All pictures are to be dropped, and the remaining data set down exactly.

### Supplied data
Content starts
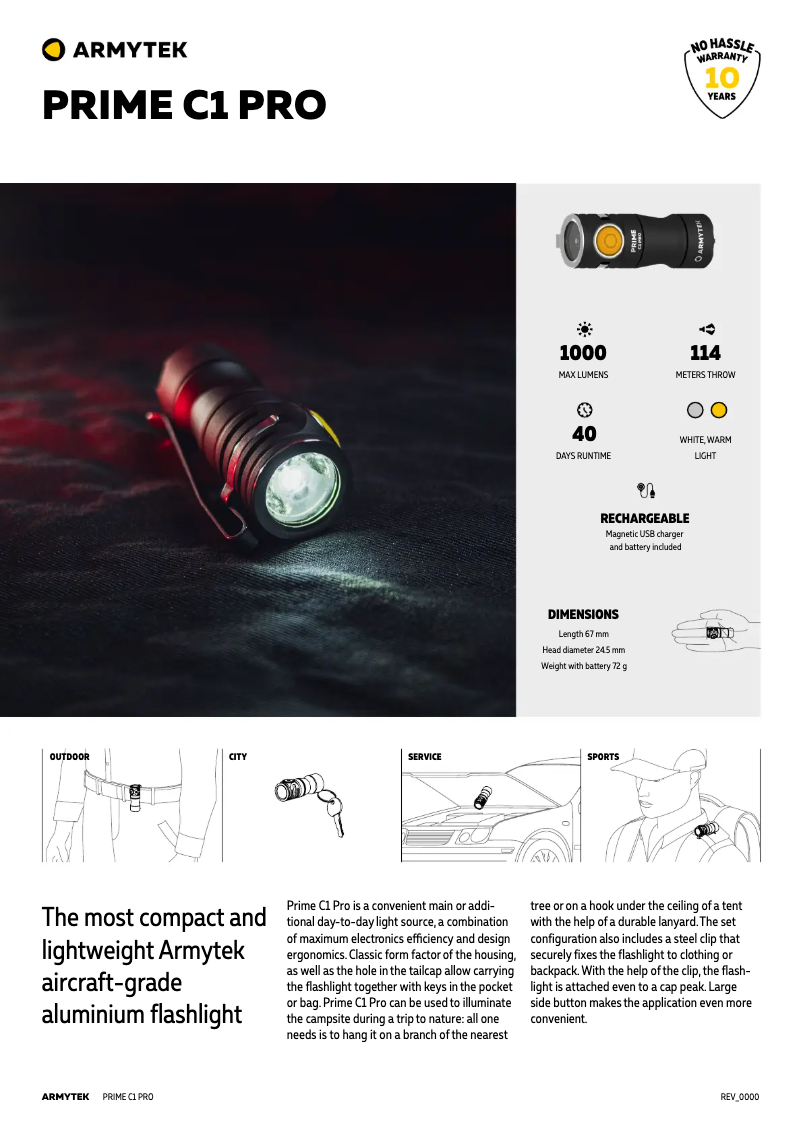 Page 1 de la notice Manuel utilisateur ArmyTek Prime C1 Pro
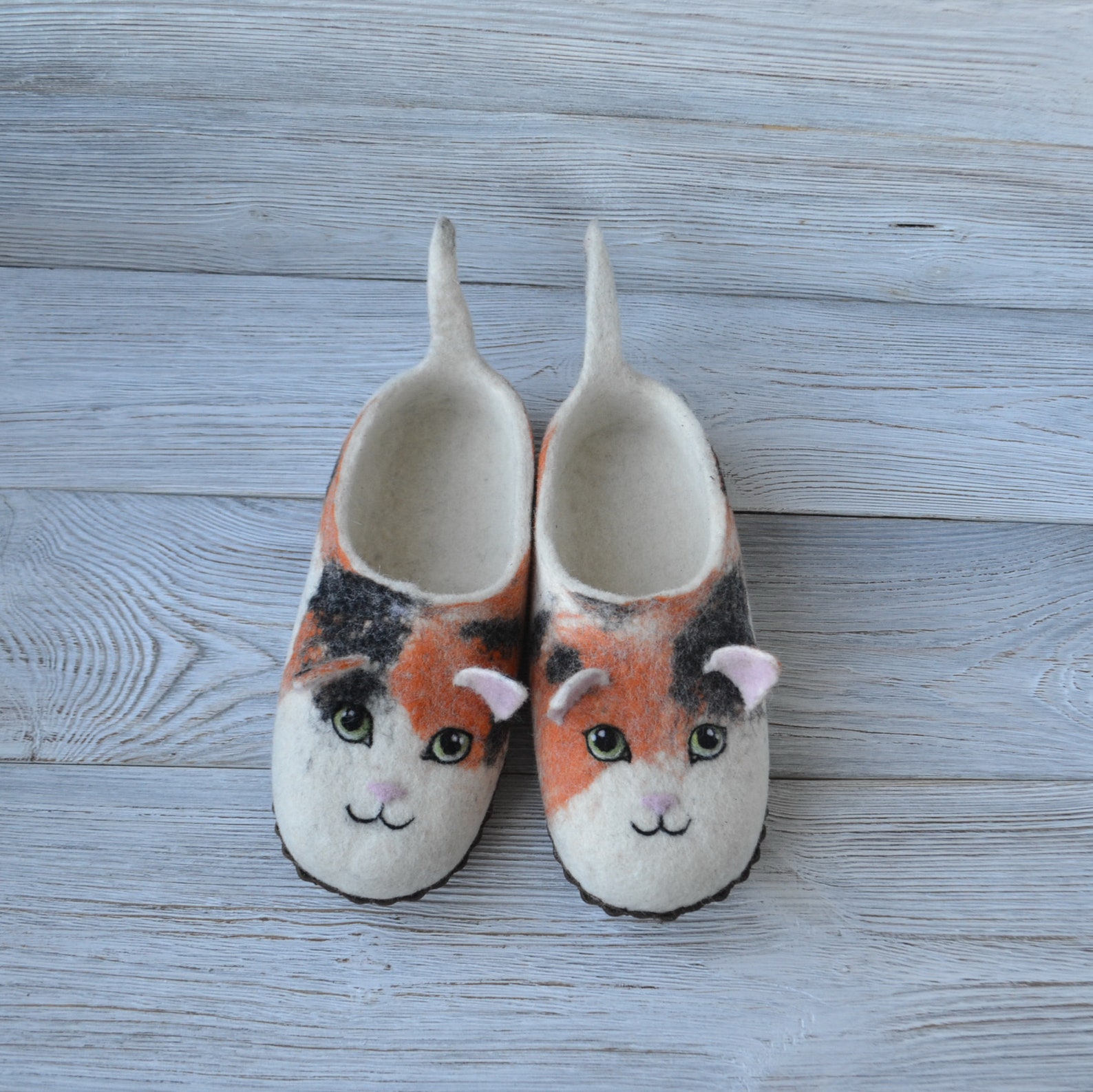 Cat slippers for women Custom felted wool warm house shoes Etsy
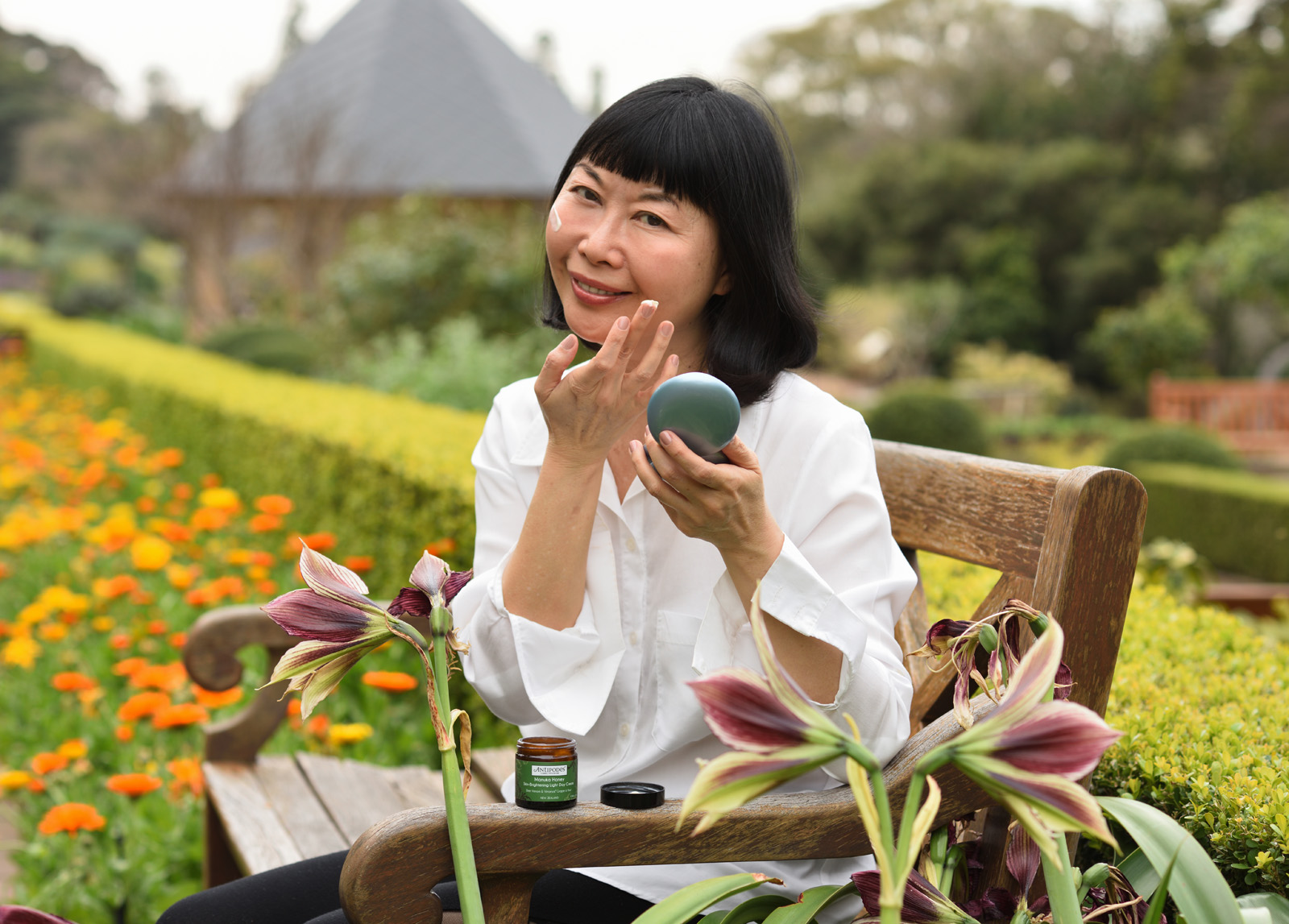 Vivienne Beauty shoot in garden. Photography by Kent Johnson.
Content ends
### Solution
 Page 1 de la notice Manuel utilisateur ArmyTek Prime C1 Pro
 Cat slippers for women Custom felted wool warm house shoes Etsy
 Vivienne Beauty shoot in garden. Photography by Kent Johnson.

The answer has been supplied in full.